Work required: Every line from the one with "Animonda Integra Protect" through the end of the material below, both ends included, should be transcribed exactly, without pictures.

Raw data:

%%

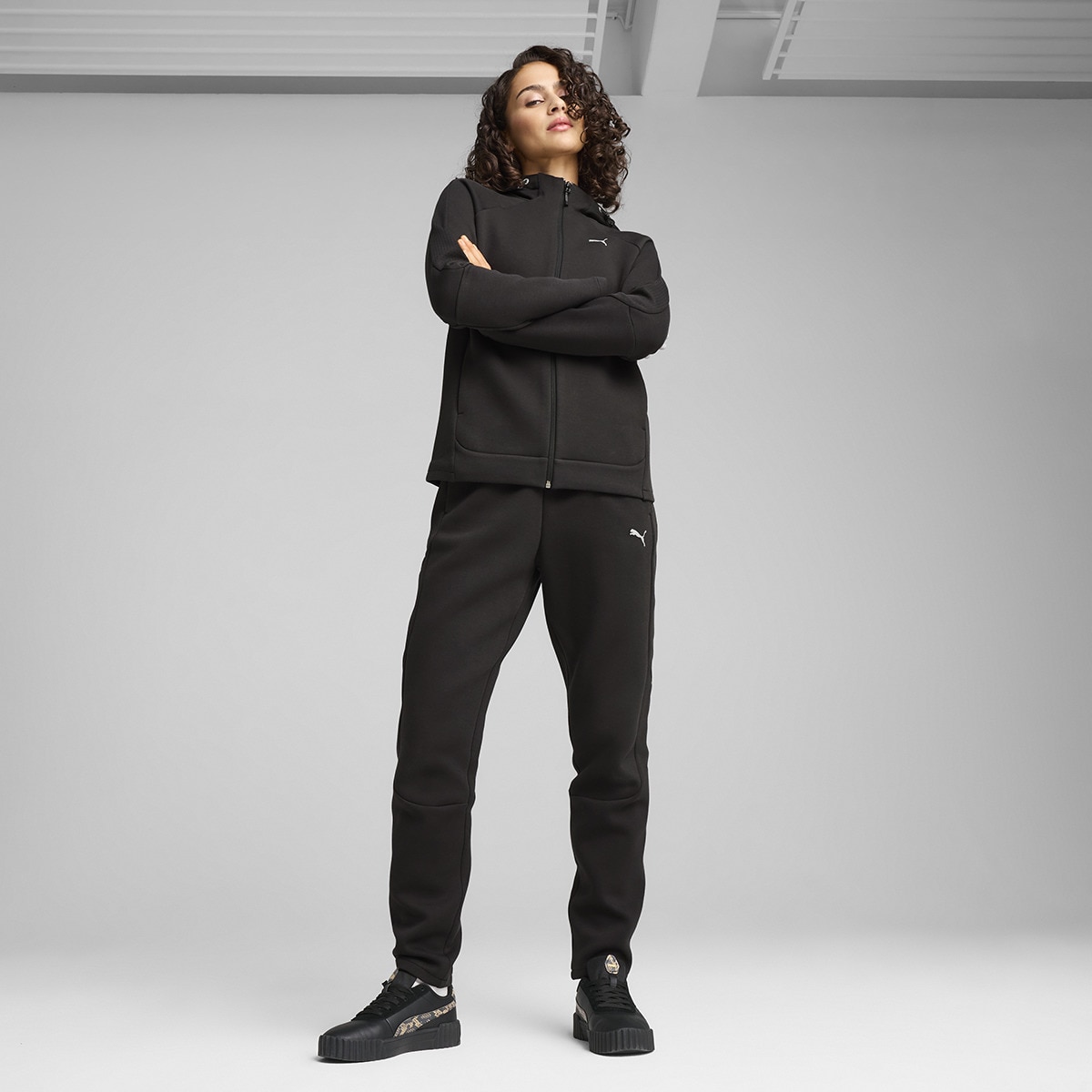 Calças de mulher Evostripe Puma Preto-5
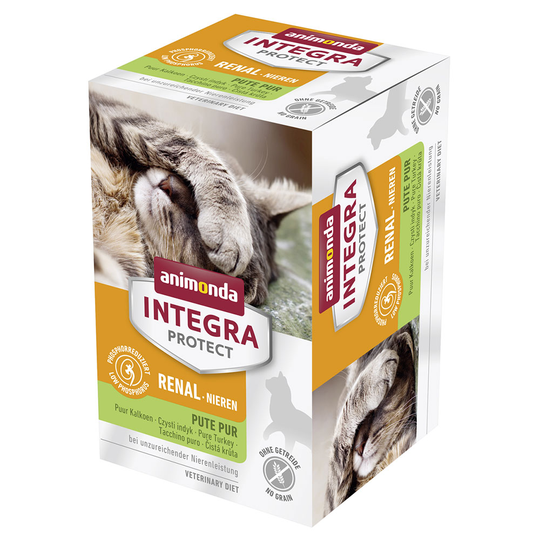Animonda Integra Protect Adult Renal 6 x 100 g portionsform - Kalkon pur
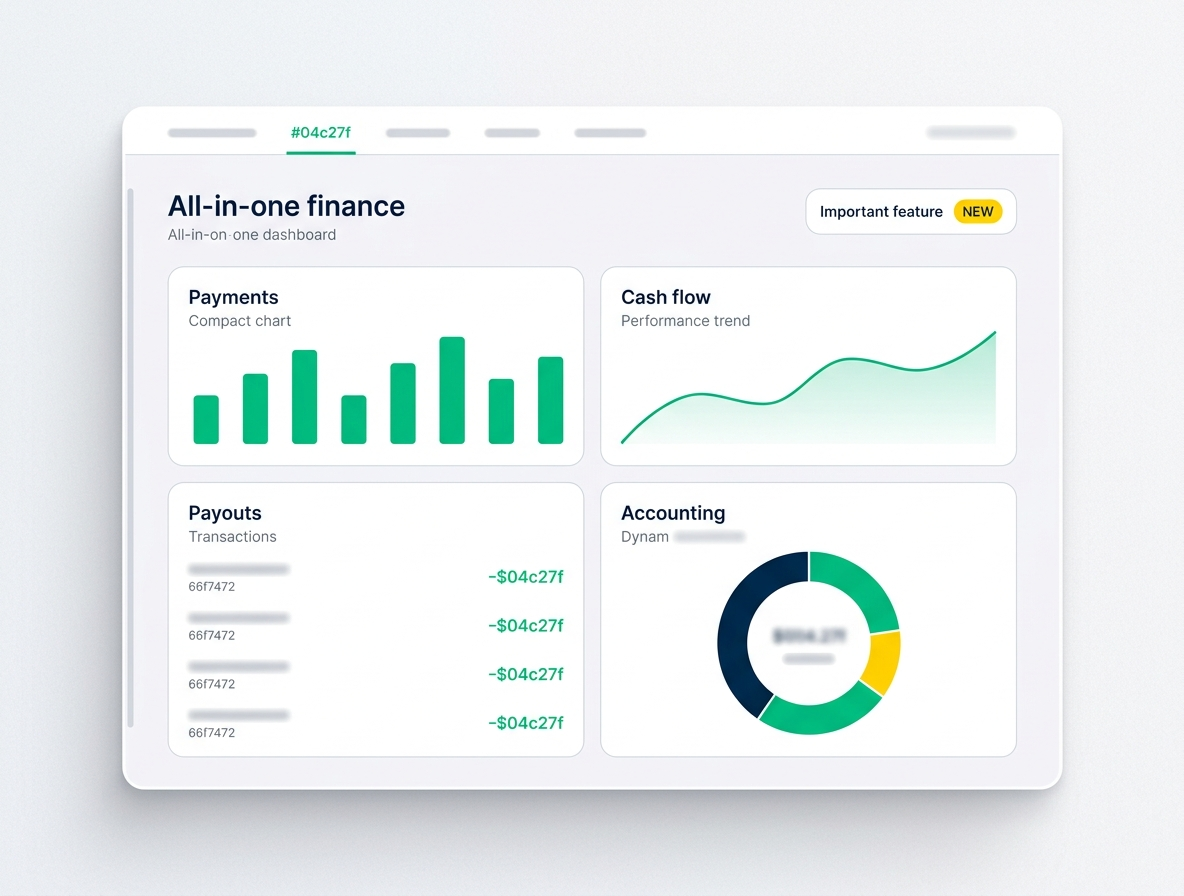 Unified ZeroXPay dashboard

%%

Exercise answer:
Animonda Integra Protect Adult Renal 6 x 100 g portionsform - Kalkon pur
 Unified ZeroXPay dashboard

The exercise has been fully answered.